- Begin investigation within 24 hours of the report of sexual harassment.
- Complete investigation and propose remedy within 7 days.
- Give assurances of no retaliation to victim and all witnesses.
Instructions For All Interviews
Avoid Pre-Judgments: Keep from “Jumping to conclusions” about the accuracy of either accusations of harassment or denials of them. In the investigation, both the “victim” and the “accused” should be treated with respect, courtesy, and an open mind.
Agreement to Report: Obtain the agreement of each interviewee – including the victim – to report any future harassment or retaliation. Incorporate this agreement into their statement. This helps prevent them from later saying that they failed to report subsequent harassment or retaliation because their first report “did no good.”
No Gossip Rule: Tell each interviewee that they must keep both the accusations and the investigation confidential, but do not promise them confidentiality. You may need to share information with others to properly perform your investigation.
Background Evidence: Ask about any other events, circumstances, or relationships that will shed light on the truth of the allegations (e.g. interactions between the “accused” and “victim”; Did actions or comments appear unwelcomed? What about “body language” and “facial expressions”? Friendly? Romantic? Envious? Any grudges? Any motive to lie? Any change in the victim’s or the accused’s attitude or performance at work?).

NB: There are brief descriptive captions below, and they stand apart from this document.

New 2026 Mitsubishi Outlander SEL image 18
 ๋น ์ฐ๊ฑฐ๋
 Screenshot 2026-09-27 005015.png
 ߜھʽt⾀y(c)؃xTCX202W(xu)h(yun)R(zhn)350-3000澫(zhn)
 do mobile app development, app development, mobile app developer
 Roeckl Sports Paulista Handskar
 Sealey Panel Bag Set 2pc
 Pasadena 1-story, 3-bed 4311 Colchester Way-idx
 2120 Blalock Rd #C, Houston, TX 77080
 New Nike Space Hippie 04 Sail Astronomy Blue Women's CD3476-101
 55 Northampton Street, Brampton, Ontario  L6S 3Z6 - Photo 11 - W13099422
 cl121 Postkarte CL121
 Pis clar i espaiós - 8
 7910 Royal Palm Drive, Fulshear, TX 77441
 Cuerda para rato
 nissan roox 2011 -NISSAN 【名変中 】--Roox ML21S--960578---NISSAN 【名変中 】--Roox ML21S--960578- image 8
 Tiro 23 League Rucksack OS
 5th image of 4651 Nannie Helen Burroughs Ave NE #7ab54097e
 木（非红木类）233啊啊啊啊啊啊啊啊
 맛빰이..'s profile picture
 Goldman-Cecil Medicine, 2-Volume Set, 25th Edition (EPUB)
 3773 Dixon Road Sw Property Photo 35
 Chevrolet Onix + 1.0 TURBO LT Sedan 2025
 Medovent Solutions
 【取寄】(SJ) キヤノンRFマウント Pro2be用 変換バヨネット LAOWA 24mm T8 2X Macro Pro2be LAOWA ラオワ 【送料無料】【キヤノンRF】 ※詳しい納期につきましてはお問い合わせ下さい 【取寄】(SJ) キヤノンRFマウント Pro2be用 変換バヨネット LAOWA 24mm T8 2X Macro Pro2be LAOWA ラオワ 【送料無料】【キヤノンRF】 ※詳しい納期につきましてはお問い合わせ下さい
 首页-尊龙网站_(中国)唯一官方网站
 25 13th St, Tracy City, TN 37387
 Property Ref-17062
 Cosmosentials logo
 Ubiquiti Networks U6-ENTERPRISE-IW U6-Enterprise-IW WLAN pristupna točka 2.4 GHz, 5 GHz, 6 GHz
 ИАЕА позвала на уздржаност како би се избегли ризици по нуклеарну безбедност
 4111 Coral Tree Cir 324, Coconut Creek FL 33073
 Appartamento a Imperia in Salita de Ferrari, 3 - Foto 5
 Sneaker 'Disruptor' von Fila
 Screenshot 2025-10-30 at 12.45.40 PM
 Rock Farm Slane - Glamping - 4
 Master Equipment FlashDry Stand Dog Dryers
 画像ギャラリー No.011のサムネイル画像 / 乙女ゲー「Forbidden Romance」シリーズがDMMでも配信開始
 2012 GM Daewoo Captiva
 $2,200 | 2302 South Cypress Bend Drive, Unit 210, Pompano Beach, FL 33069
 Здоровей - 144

Focus In: Begin with general questions, then become more and more specific.
Ask – Don’t Tell: Find out what the witness knows; do not volunteer what you know. Otherwise, interviewees may conform their statements to that you already know.
Get Details: Follow each answer with a question. Who? When? Where? Get details!
Get Facts: Get the facts behind opinions, conclusions and impressions. “Why do you say that?”
Written Statements: Incorporate entire interview into a signed, written statement.
Step 1: Contact Legal Counsel
Contact employment law counsel to adjust investigation for the specific facts of the accusation.
Step 2: Interview Employee Reporting the Harassment
As directed by legal counsel, sensitively, but thoroughly, interview the victim. If the person reporting the harassment is not the victim, first, interview the person reporting the harassment as a “witness” (See Step 4); then interview the victim as described below.
- All details – events, place, dates, times, etc.
- Any witnesses or other evidence?
- How would victim describe his/her past and present relationship with the accused?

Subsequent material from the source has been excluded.